Cat O'Nine Tails
- First edition
- Author: Julia Golding
- Series: Cat Royal
- Genre: Young Adult fiction
- Publisher: Egmont Books Ltd
- Publication date: 2007
- Pages: 400
- ISBN: 1-59643-445-7
- Preceded by: Den of Thieves
- Followed by: Black Heart of Jamaica

= Cat O'Nine Tails (novel) =

Book in the Cat Royal series written by Julia Golding

Cat O'Nine Tails is the fourth book in the "Cat Royal" series written by Julia Golding. In this story the protagonist, Cat, dances at a ball, dresses as a boy, and meets an Indian tribe.

==Plot==
Since the events of Den of Thieves, Cat has been living with Frank and Lizzie. She is very happy with them, and then Frank's cousin Mr Dixon arrives. He is very nice to Cat and suggests that they all go a ball, even though Cat isn't a royal.

Cat gets a beautiful dress, but the ball turns out to be a disaster. Frank is very awkward and doesn't ask her to dance. Then Billy forces a kiss on her which both Frank and Mr Dixon witness. Mortified, they return home with Cat ashamed and upset. Frank tells her off for unladylike behavior, but they soon make up and go riding. They soon get a letter that their friend Syd has not returned home, and worried, they decide to check the docks for any sign of him. They are looking for a boat when they are savagely attacked by a press gang, who throw Frank, Pedro and Cat on board HMS Courageous and stab Mr Dixon in the stomach.
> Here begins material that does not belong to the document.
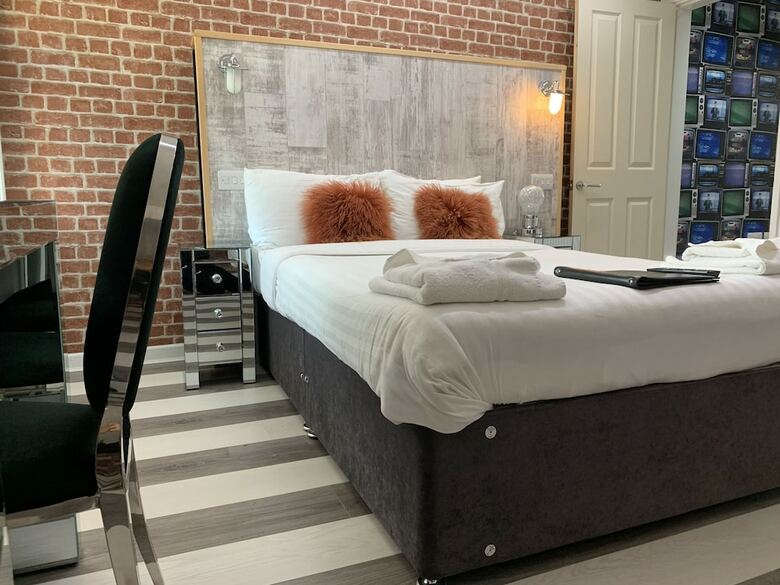 Ivy Mount Boutique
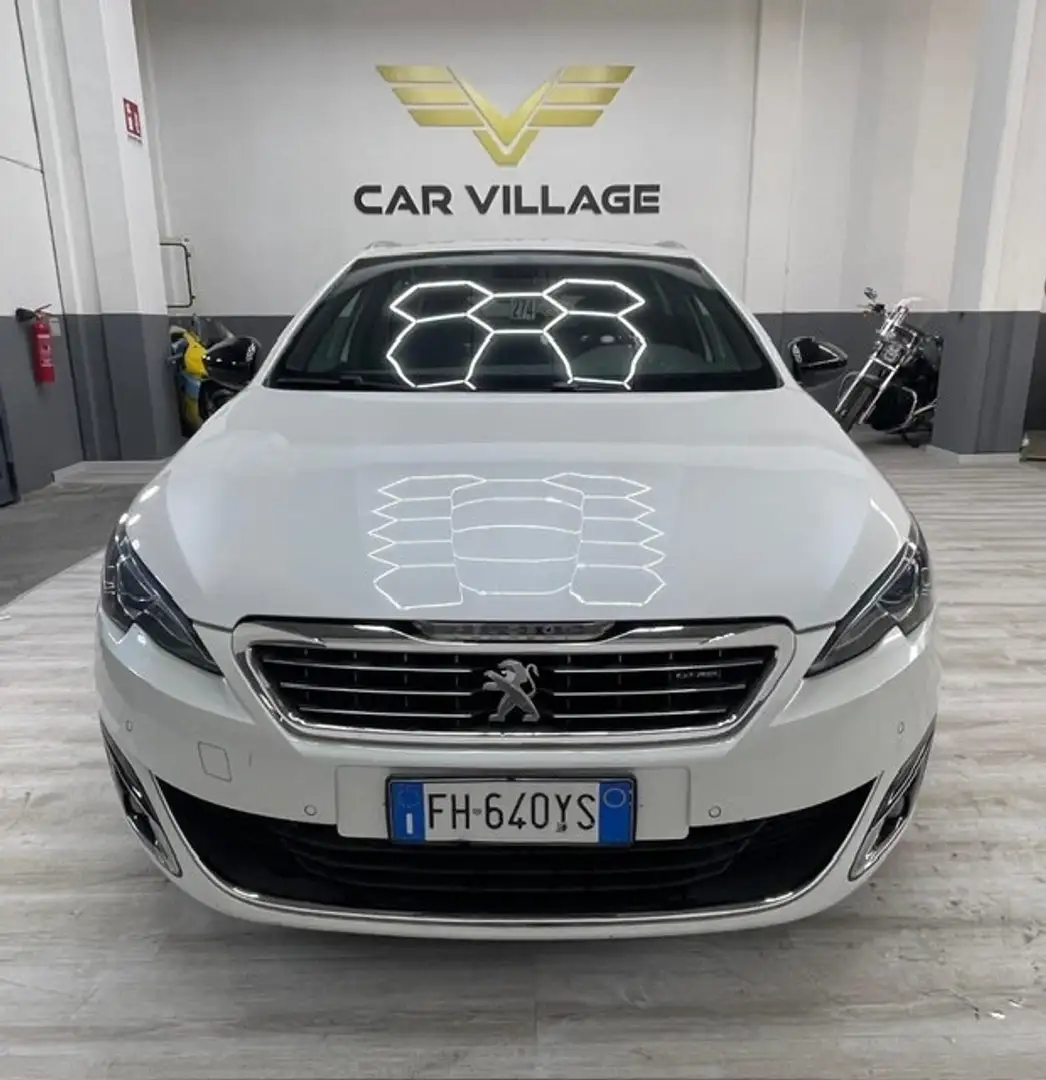 Peugeot 308 308 PureTech Turbo 130 S&S SW GT Line Blanc - 1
On board Cat is forced to pretend to be a boy by a sailor named Maclean. He threatens Cat and makes her do a lot of chores. Meanwhile, Syd is also on board after being tricked by his manager. He is furious that his friends have also been captured, but there is nothing he can do. Then Cat asks him for a fight so the other sailors respect her more, but Syd refuses. However, he is pushed into it by the Captain and Cat taunts him desperate to be hit, and Syd finally punches her after she remarks that he is a rubbish kisser and Billy is better.
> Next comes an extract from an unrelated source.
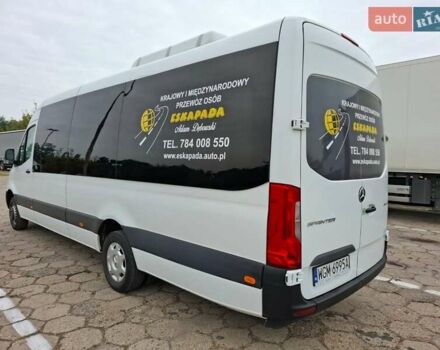 Белый Мерседес Sprinter, объемом двигателя 3 л и пробегом 331 тыс. км за 93800 $, фото 5 на Automoto.ua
Syd is really angry with himself for losing his temper but soon forgives himself after a heart-to-heart with Cat. Then Cat tries to run away when the ship docks but she is chased by Maclean. Cat is rescued by an Indian tribe and she befriends a girl called Kanawha. The Indian chief banishes Maclean and Cat settles in with the ship, but deep down she wants to return home. Cat soon discovers that Dixon had faked his own death to get Frank's wealth as he was broke. Enraged, Cat rides to Philadelphia, to a meeting discussing sending a search party out for her, There, she reveals Dixon's treacherous deceit and he is disowned by Frank. Frank finally summons up enough courage to ask Cat to dance, and then Lizzie gives birth to her and Johnny's first child, who is Cat's god-daughter and who is named after her, Catherine Elizabeth Fitzroy.

==Reception==
Kirkus Reviews considered Cat O'Nine Tails to be a weaker novel than the preceding books in the series, noting that it "is a little too long, the adventures a little too forced and Cat falls a little too easily into and out of scrapes". They further noted that "Cat's always able to do whatever needs to be done. She's an impossibly talented tall-tale heroine, good at everything—except choosing among the bevy of boys who adore her." They concluded, "The once-fresh Cat's getting a bit stale."